Nearly a third of all individuals in the U.S. experience sleep insomnia. So you aren’t alone if you have problems going to sleep or staying asleep.
If you have tried insomnia therapies, including lifestyle modifications and cognitive behavioral therapy, without much improvement, you might be contemplating sleep medicine. However, there are some key factors to remember before you start taking medication for insomnia. First, these drugs pose major hazards. Second, it’s preferable to take them just for brief periods. There is also no clear evidence that sleep medicines benefit long-term health.
With these limitations in mind, let’s dig into the many prescription and non-prescription pharmaceutical choices available to aid with sleep.
What is Insomnia?
Insomnia is when you have problems sleeping more than three days a week. This might suggest you have problems falling asleep. But it might also mean you have difficulties remaining asleep or you wake up too early and can’t get back to sleep.
What causes Insomnia?
Drugs, physical disorders, or mental health concerns, including sadness or anxiety, could cause insomnia. Other times, there is no apparent reason why a person can’t sleep.
Depending on your insomnia type, your healthcare physician may suggest one or more sleep drugs. Some of these drugs are better at helping you fall asleep, while others are better at helping you stay asleep. So let your provider know which is more troublesome for you.

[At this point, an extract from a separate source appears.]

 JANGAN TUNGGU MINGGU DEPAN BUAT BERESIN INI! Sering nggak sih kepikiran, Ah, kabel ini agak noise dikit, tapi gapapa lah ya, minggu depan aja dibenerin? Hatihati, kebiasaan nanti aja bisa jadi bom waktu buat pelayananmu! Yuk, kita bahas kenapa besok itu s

Which drugs are best for Insomnia?
Most insomnia drugs are better at helping you fall asleep rather than allowing you to remain asleep. Various choices are available, as mentioned by the American Academy of Sleep Medicine.
We are suggesting Ambien as a treatment of sleep insomnia. Most physicians will have you return to their clinic a few weeks after taking one of these drugs to determine if your sleep has improved. They may also ask whether you suffer any adverse effects and how often you must take the prescription.
When should I use these medications?
Take your prescribed prescription immediately before you intend to go to bed. Many people experience the benefits within an hour after their intake.
A “hangover” effect from any of these drugs is conceivable the following day. You could feel sleepy or tired or have a headache. This is especially true if you wake up before the anesthetic completely wears off. It helps if you have a 7- to 8-hour window to sleep after taking your prescription to lessen this risk. One exception is Intermezzo, which you can take if you sleep for 4 hours or more.
Risks with prescribed sleep medicines
As with any medicine, those used to aid with insomnia come with hazards. Although it’s up to you and your provider to address your unique risks, here are a few things you should know.